Second Herschel Walker Abortion Accuser Speaks Out In On-Camera Interview
In her first on-camera interview, the second woman to accuse GOP candidate Hershel Walker of paying for an abortion said she felt “threatened and I thought I had no choice.”
The woman alleged last week that Walker, the staunchly anti-abortion Republican nominee in the Georgia Senate race, had pressured her to end a pregnancy. The woman did not share her name or show her face at last week’s press conference, saying she was protecting her identity “for fear of reprisal against myself, my family and my livelihood.”
The woman appeared on camera for the first time during an interview that aired Tuesday on ABC’s “Good Morning America.”

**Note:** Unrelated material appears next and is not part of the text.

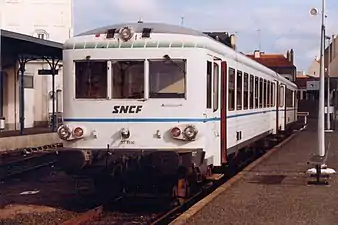 X 4630 en livrée blanche aux Sables d'Olonne.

The woman ― who was referred to as Jane Doe and remains anonymous ― said she got pregnant in 1993 during a six-year affair with Walker. At the time, the former NFL star was living with his wife in Dallas and playing for the Cowboys.
He “was very clear that he did not want me to have the child,” the woman told “Good Morning America.” “And he said that because of his wife’s family and powerful people around him that I would not be safe and that the child would not be safe.”
Walker has denied the allegations that he paid for abortions. His campaign did not immediately respond to a request for comment on the new interview.
The woman said she didn’t want to go through with the procedure, but that Walker talked her into it. She said she felt “threatened” and “manipulated.”
“He came to my house and picked me up and drove me to the clinic,” she said shakily. “I went in alone and he waited in the car while I went in and had the procedure. And then I came out and he drove me to the drugstore, and then he took me home.”
She said Walker gave her cash to pay for it. Afterward, “everything shifted. He distanced himself from me almost immediately,” the woman said.
She provided evidence to support her claims, including photos of the two together and letters and cards signed with Walker’s signature flourish of the letter H.
The woman said she and Walker kept in touch here and there over the years and had last spoken in 2020. In last week’s press conference, she said she was an independent who voted for former President Donald Trump in the last two elections.
Walker is unfit to be a U.S. senator because “honesty matters,” she said on “Good Morning America.”
She is the second woman to accuse Walker of paying for an abortion. Last month, another woman said Walker reimbursed her for the procedure in 2009.
That woman, who said she was an ex, showed a signed and dated check and a get-well card from Walker as proof. The card was signed with a similar H. She said Walker urged her to end a second pregnancy in 2011 but she chose not to.
Republicans have maintained their support for Walker and polling shows the Georgia race to be extremely tight despite the mountain of scandals amassed during the candidate’s campaign. The latest polls show Sen. Raphael Warnock (D-Ga.) holding a slim lead over Walker ahead of next Tuesday’s election.
Multiple women, including his ex-wife Cindy DeAngelis Grossman, have accused Walker of domestic abuse. The son he shares with Grossman, Christian Walker, recently backed up some of his mother’s allegations and tweeted that his father “left us to bang a bunch of women, threatened to kill us, and had us move over 6 times in 6 months running from your violence.”
Asked about his son’s comments, Walker said last month that Christian Walker was “letting people know that the left will do whatever they can to win this seat” but added that he loves him “unconditionally.”